By Lisa F. Geherin posted 11 days ago


Shareholder derivative lawsuits have long been a tool for fixing a troubled corporate culture. But now they appear to be on the rise and ripe with new theories and higher-than-ever damages claims and settlements. One need only look to the headlines to understand the magnitude of how these suits are impacting corporate America.

Boeing derivative suit. Boeing was hit with a number of shareholder derivative suits last year, most of which have now been dismissed on technicalities involving forum selection. One case recently dismissed was filed by the firm of Cohen Milstein in Illinois and alleged in part that directors and officers did not disclose the following:

  • operational and reporting failures that did not appropriately address how Boeing developed and operated the 737 MAX fleet in violation of federal and international laws
  • Boeing’s requirements under its settlement with the Federal Aviation Administration
  • Boeing’s retaliatory practices against employees who reported safety violations
  • board-approved compensation programs that incentivized the concealment of the 737 MAX fleet’s illegal design flaw

Cohen Milstein has since appealed the dismissal and filed a similar suit in the Delaware Chancery Court as an alternative route to reviving its federal derivative claims.

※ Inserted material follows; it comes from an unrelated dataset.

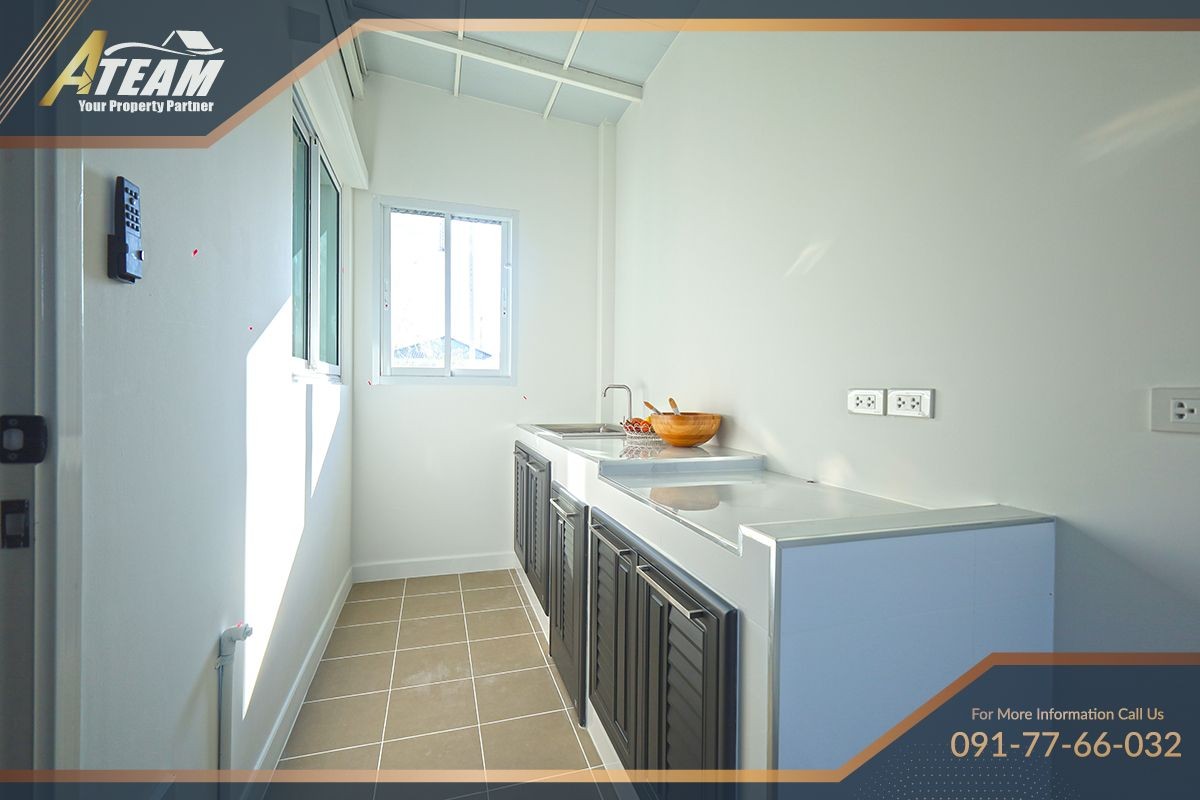 House for sale lavallee pool villa 3bedroom huahin21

Large institutional shareholders also sent a clear message to the Boeing board in late April, when “[a] majority of Boeing Co. shareholders voted to separate the chief executive officer and chairman roles permanently,” reported Julie Johnsson in a recent Bloomberg Business article. In addition, Reuter’s reported that two high-profile proxy advisors recommended investors vote against key board members to show objections to the company’s handling of the 737 Max crisis, in particular against Larry Kellner, the board chairman who previously oversaw the board’s audit committee.

Wells Fargo. Shareholders were equally unhappy with the Wells Fargo board. As discussed by Kevin M. LaCroix in his D&O Diary editorial, Massive Settlement in Wells Fargo Bogus Account Scandal Derivative Suit, shareholders alleged that the bank’s board and senior executives “‘perpetuated’ a business-model based on aggressively cross-selling additional products to existing customers” and that the penalties for not making these quotas “‘effectively forced’ its employees to open over two million unauthorized accounts.” The complaint also alleged that the board “permitted these activities notwithstanding complaints to the company’s ethics line, several wrongful termination lawsuits, … whistleblower lawsuits, and a Los Angeles Times article that reported the fraudulent account creation activity.”

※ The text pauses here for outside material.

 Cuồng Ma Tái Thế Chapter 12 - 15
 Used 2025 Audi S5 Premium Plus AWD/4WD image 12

The settlement of the derivative lawsuit resulted in a new way of doing business at Wells Fargo. It provided for an acknowledgment by Wells Fargo that the suit was a significant factor both in the company’s adoption of several corporate governance reforms and in causing Wells Fargo to call for compensation reductions and forfeitures for certain bank executives. Finally, the cash component of the Wells Fargo settlement was one of the largest shareholder derivative settlements ever, with a monetary payment of $240 million plus another $80 million, which is the value of the government reforms and compensation reductions.

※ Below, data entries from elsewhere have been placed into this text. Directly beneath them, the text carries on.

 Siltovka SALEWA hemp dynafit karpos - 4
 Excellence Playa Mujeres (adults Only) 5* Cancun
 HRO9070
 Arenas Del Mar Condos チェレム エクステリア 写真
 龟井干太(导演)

New theories for derivative suits. The #MeToo movement has resulted in an increased number of shareholder derivative suits, report Jessica Corley and Peter Starr in their article, Trends in Securities and Derivative Litigation: Record Filings and Novel Theories. Nike, Wynn Resorts, the Weinstein Company, and Lululemon Athletics are just a few of many companies in which shareholders have questioned their board’s handling of sexual harassment claims. In these cases, the theory is that the directors minimized or concealed the misconduct to protect influential executives.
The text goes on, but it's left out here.